TASK INSTRUCTIONS ▸
Your response to the data below should hold nothing except the lines from the one containing "ELEVALUNAS DELANTERO DERECHO" down to the one containing "House for sale", reproduced exactly and without pictures.

SUPPLIED INFORMATION ▸
══════

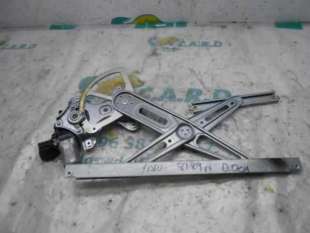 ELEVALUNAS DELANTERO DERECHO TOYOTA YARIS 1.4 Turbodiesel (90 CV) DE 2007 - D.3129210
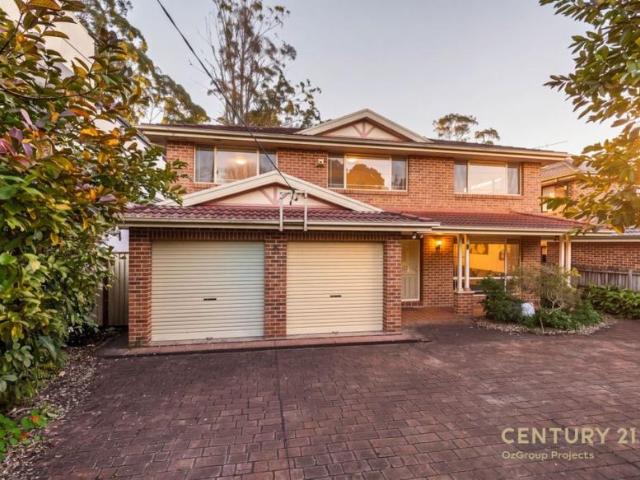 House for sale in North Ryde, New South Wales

══════

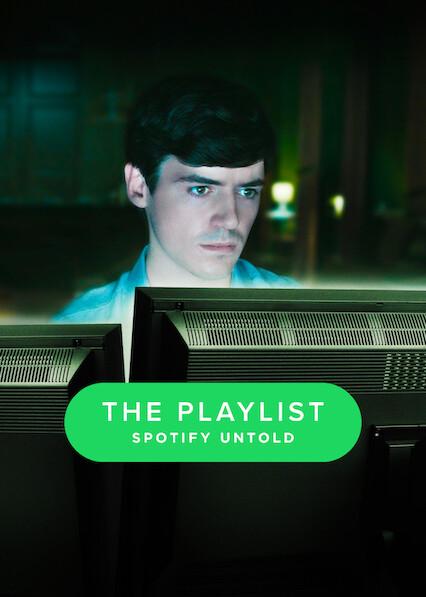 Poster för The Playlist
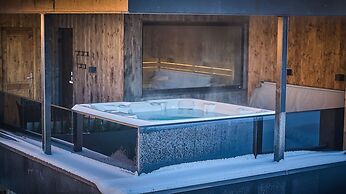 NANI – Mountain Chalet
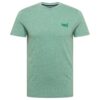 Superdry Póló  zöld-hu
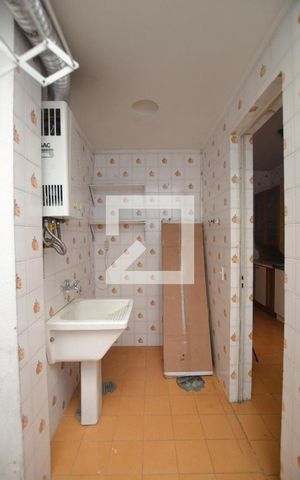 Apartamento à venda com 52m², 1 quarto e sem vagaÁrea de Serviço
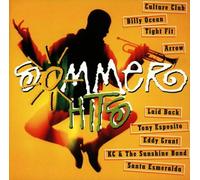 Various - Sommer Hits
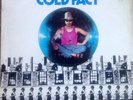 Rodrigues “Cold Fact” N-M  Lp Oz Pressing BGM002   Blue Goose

══════

RESPONSE AREA ▸
 ELEVALUNAS DELANTERO DERECHO TOYOTA YARIS 1.4 Turbodiesel (90 CV) DE 2007 - D.3129210
 House for sale in North Ryde, New South Wales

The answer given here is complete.